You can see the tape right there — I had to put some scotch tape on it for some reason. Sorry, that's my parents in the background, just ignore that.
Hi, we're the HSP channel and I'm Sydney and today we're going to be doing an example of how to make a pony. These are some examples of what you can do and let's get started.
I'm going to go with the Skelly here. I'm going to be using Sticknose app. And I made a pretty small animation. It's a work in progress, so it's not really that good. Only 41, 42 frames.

▬▬▬▬▬▬▬▬▬▬

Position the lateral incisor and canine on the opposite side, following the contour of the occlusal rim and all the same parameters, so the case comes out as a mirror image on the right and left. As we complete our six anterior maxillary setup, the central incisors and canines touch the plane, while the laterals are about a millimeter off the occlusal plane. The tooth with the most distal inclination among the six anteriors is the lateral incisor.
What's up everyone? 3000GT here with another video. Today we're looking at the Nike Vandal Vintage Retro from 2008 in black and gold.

▬▬▬▬▬▬▬▬▬▬

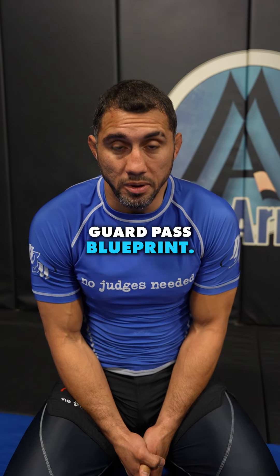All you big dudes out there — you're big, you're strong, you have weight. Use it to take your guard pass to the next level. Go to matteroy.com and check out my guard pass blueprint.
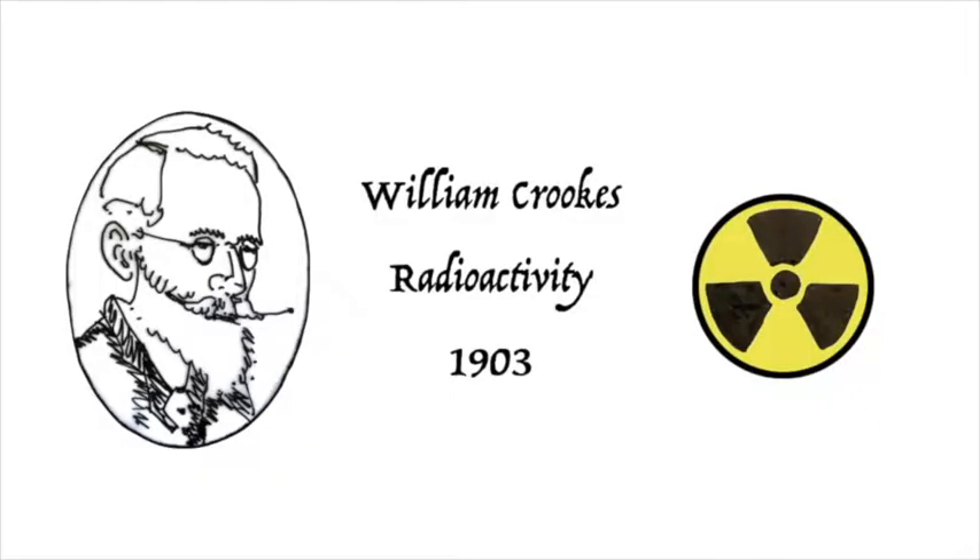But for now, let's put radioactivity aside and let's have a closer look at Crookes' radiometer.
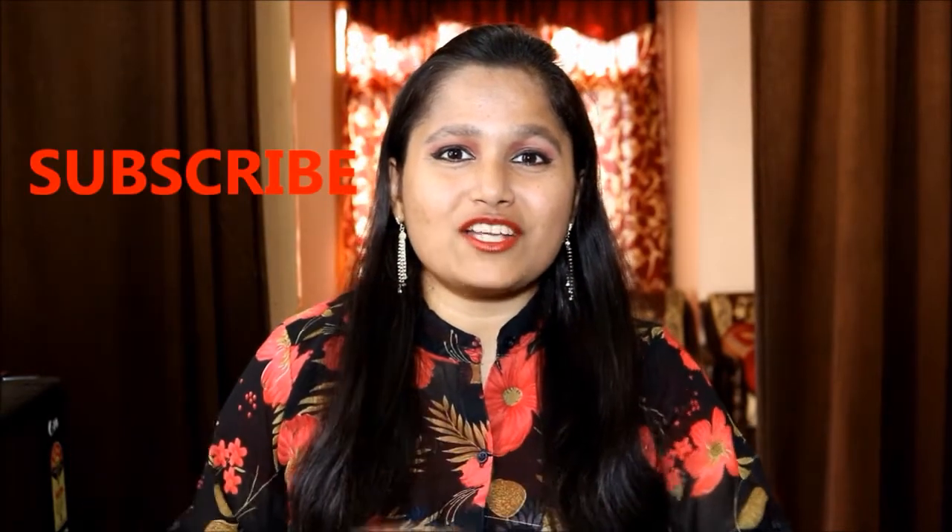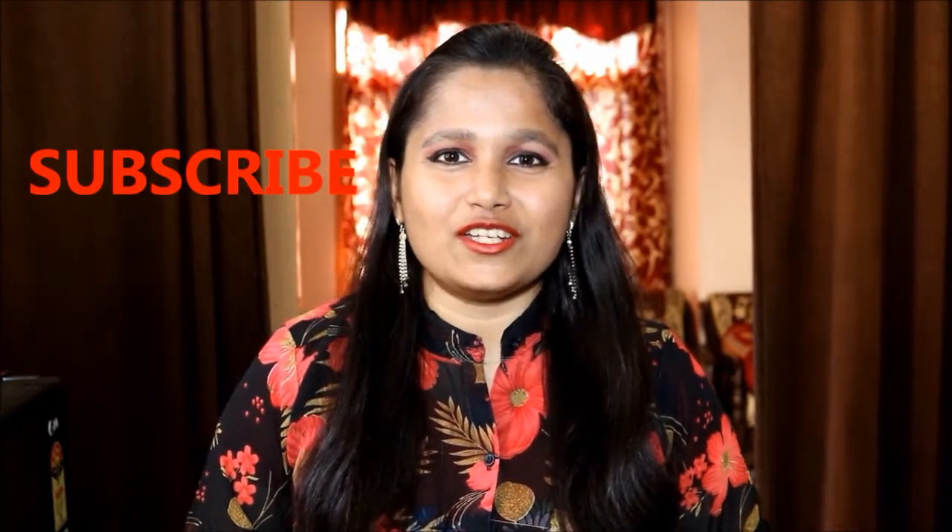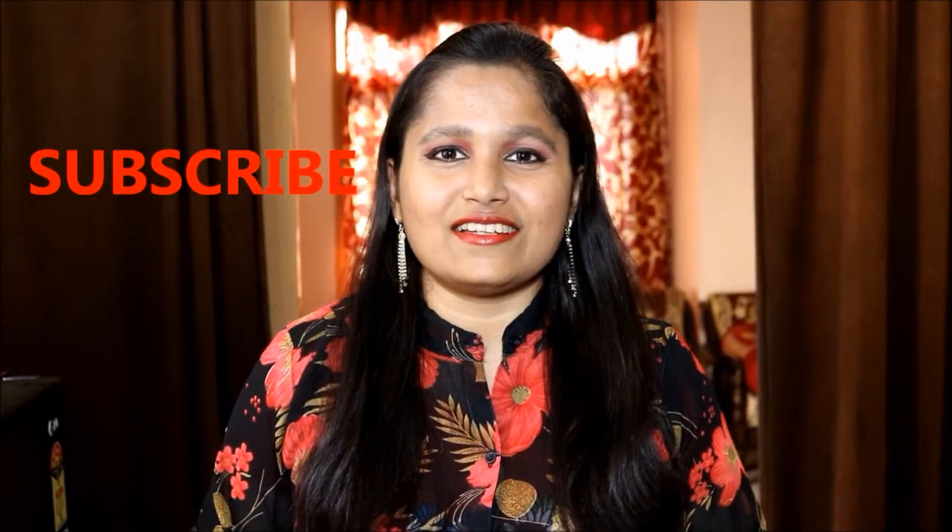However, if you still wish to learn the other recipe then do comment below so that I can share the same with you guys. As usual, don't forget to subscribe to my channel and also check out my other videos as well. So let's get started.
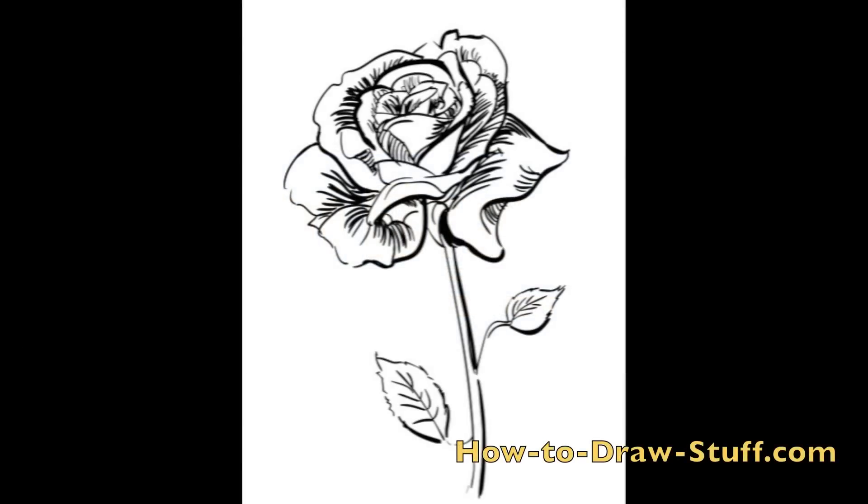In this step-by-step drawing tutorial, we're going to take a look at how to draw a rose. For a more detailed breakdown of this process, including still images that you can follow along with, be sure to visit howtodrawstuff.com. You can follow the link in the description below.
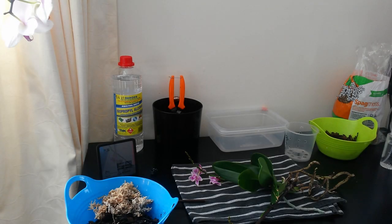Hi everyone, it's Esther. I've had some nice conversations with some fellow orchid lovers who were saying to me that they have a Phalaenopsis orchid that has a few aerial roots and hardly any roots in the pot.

▬▬▬▬▬▬▬▬▬▬

§ About this exercise: In the records above, find the line with "But for now, let's" and the line with "Hi everyone, it's"; please transcribe exactly those two lines and all lines between them, omitting any picture.

§ Exercise answer:
But for now, let's put radioactivity aside and let's have a closer look at Crookes' radiometer.
However, if you still wish to learn the other recipe then do comment below so that I can share the same with you guys. As usual, don't forget to subscribe to my channel and also check out my other videos as well. So let's get started.
In this step-by-step drawing tutorial, we're going to take a look at how to draw a rose. For a more detailed breakdown of this process, including still images that you can follow along with, be sure to visit howtodrawstuff.com. You can follow the link in the description below.
Hi everyone, it's Esther. I've had some nice conversations with some fellow orchid lovers who were saying to me that they have a Phalaenopsis orchid that has a few aerial roots and hardly any roots in the pot.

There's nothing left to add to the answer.